The concert opened with Two Insect Pieces ("The Grasshopper" and "The Wasp") for oboe and piano by Benjamin Britten, written in 1935, but unpublished in his lifetime. It is one of several works Britten composed featuring the oboe: the Phantasy Quartet, Two Insect Pieces, Temporal Variations, and the most often heard work for solo unaccompanied oboe, Six Metamorphoses after Ovid, Opus 49.
Oboist Robin Driscoll, Artist-Faculty member of the University of North Carolina School of the Arts and UNCSA faculty pianist, Robert Rocco, both clad in fuchsia shirts and iridescent silver ties, presented these two amusing works with their characteristic leaps and buzzes.
French composer, Jean Françaix, is best remembered for his colorful and witty writing, often featuring wind instruments.

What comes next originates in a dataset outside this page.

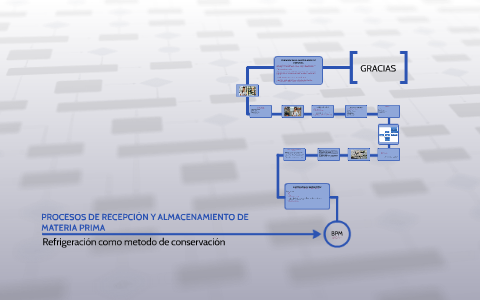 proceso de recepción de almacén en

Françaix’s l’Horloge de Flore (The Flower Clock) was originally written for solo oboe and orchestra; the piano reduction was performed admirably by Mr. Rocco, but perforce lacked the color and expressivity of the orchestral original. Consequently, the seven variations, each representing a plant whose flowering time must work like clockwork, were somewhat monochromatic, despite the brilliant technique and lush expressivity of oboist Driscoll.
(For flower-lovers, the flowers depicted along with their blooming times are Cestrum diurnum (3 a.m.), Catananche caerulea (5 a.m.), Selenicereus grandiflorus (10 a.m.), Nyctanthus arbor-tristis (Noon), Ipomaea bona-nox (5 p.m.), Pelargonium triste (7 p.m.), and Silene noctiflora (9 p.m.). Readers might enjoy Googling these names to see images of the flowers.
Next we were treated to a nosegay of songs, two by American composer Richard Hundley (1931- ), an arrangement by Benjamin Britten of “The Last Rose of Summer” and the “Flower Duet” from Lakmé by Léo Delibes. The lovely mezzo-soprano voice of UNCSA faculty member Janine Hawley was attentively accompanied by Robert Rocco (whose inopportunely-opened piano obscured the diction of the voice). Ms. Hawley was joined by soprano Catherine Park to end the first half of the concert with the delicious and delicate “Flower Duet.”
The entire second half of the concert was consecrated to a collection of musical vignettes by UNCSA composer Kenneth Frazelle, many of which were written as whimsical greetings to friends and each bearing the name of an Appalachian wildflower. He has collected ten of these vignettes into a collection called Wildflowers, which he premiered in 2005. This performance was exquisitely played by the brilliant young pianist from Asheville, Ivan Seng, who received his Master’s Degree from UNCSA.
One wants to hear these pieces a number of times as familiarity aids comprehension. And apart from a few immediate gestures and a recognizable quotation or two, this collection is not immediately accessible although pleasantly agreeable on first hearing. "Slender Lady’s Tresses," written for just one hand (and pedal) was a soft and pointillist opener. "Fringed Polygala" was loud, lilting and filled with unexpected rhythms. "The Birdfoot Violet" was followed by the spectacularly angular "Flame Azalea," a tango to rival the best of them. "Indian Pipes" were brooding, low and dark, while the "Fire Pinks" were rapid, staccato, and loud. Here one had to admire the brilliant virtuosity of pianist Seng who plucked far-flung octaves like target-practice made simple! The stately slow tempo of the "Blue Lobelia,", one of my favorite movements, revealed a jarring tritone. My other favorite, the jazzy snazzy "Viper Bugloss" built up to a loud chord which masked a snippet borrowed from a 19th century Romantic composer – I guessed Schumann, Frazelle corrected me with “Chopin!”
The concert could have ended satisfyingly after "Viper Bugloss," but the composer preferred a quieter ending, perhaps because the entire set is meant to be the middle movement of an even larger composition. "Whimsical Columbine" was next, followed by the tranquil "Deptford Pink," seeming to just fade away at the fifth. The readers might enjoy Googling the names of these wildflowers, too.
The work was warmly received and was followed by a question and answer session at which it was revealed that Frazelle will find a musical idea anywhere, anytime, but prefers to work it out at the piano. Finally, he will work on instrumentation and orchestration away from the piano lest he be bound by the nature and character of that instrument.